Data to use
+++

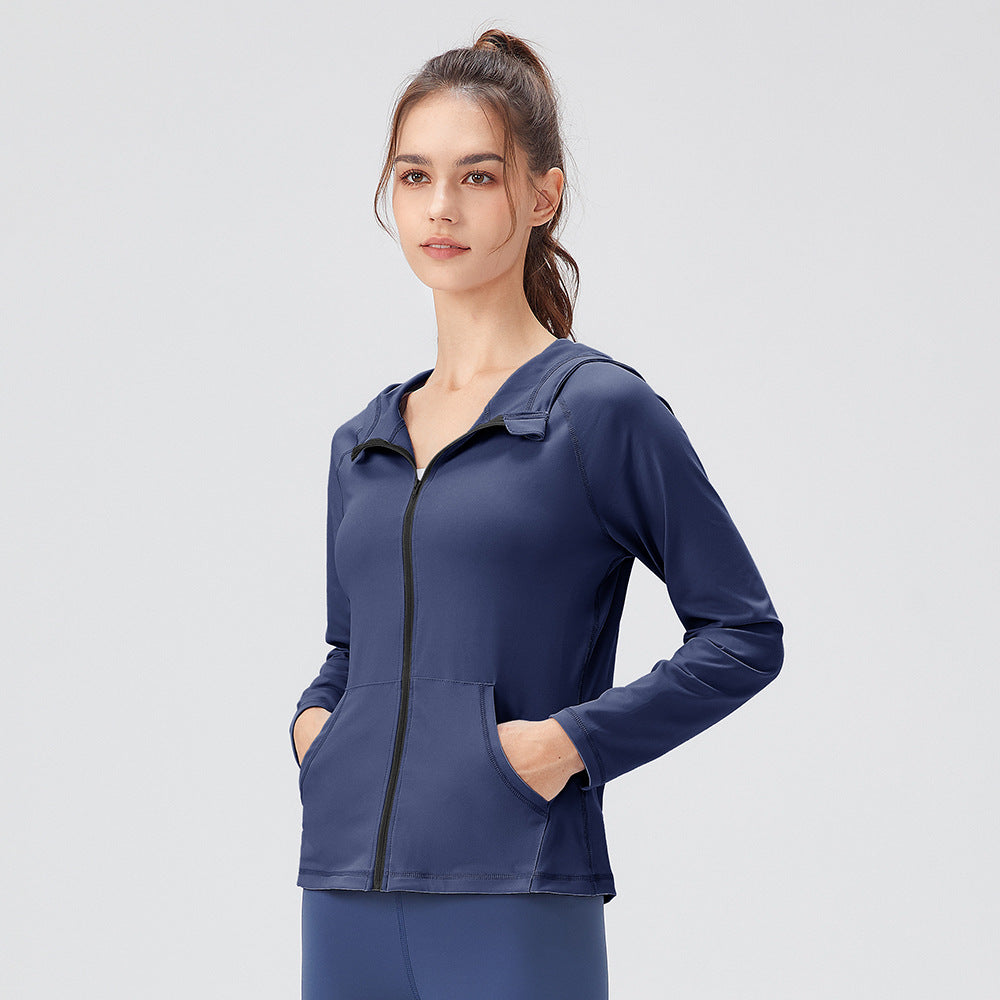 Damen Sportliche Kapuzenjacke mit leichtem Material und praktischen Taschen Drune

+++

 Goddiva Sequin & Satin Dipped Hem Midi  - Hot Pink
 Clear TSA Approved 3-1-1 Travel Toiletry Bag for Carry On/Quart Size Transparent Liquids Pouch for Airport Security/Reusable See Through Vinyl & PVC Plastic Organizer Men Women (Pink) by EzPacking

+++

Problem
Give back exactly the lines of the listing above that run from the line with "Goddiva Sequin &" to the line with "Clear TSA Approved", inclusive.

Response to this exercise
 Goddiva Sequin & Satin Dipped Hem Midi  - Hot Pink
 Clear TSA Approved 3-1-1 Travel Toiletry Bag for Carry On/Quart Size Transparent Liquids Pouch for Airport Security/Reusable See Through Vinyl & PVC Plastic Organizer Men Women (Pink) by EzPacking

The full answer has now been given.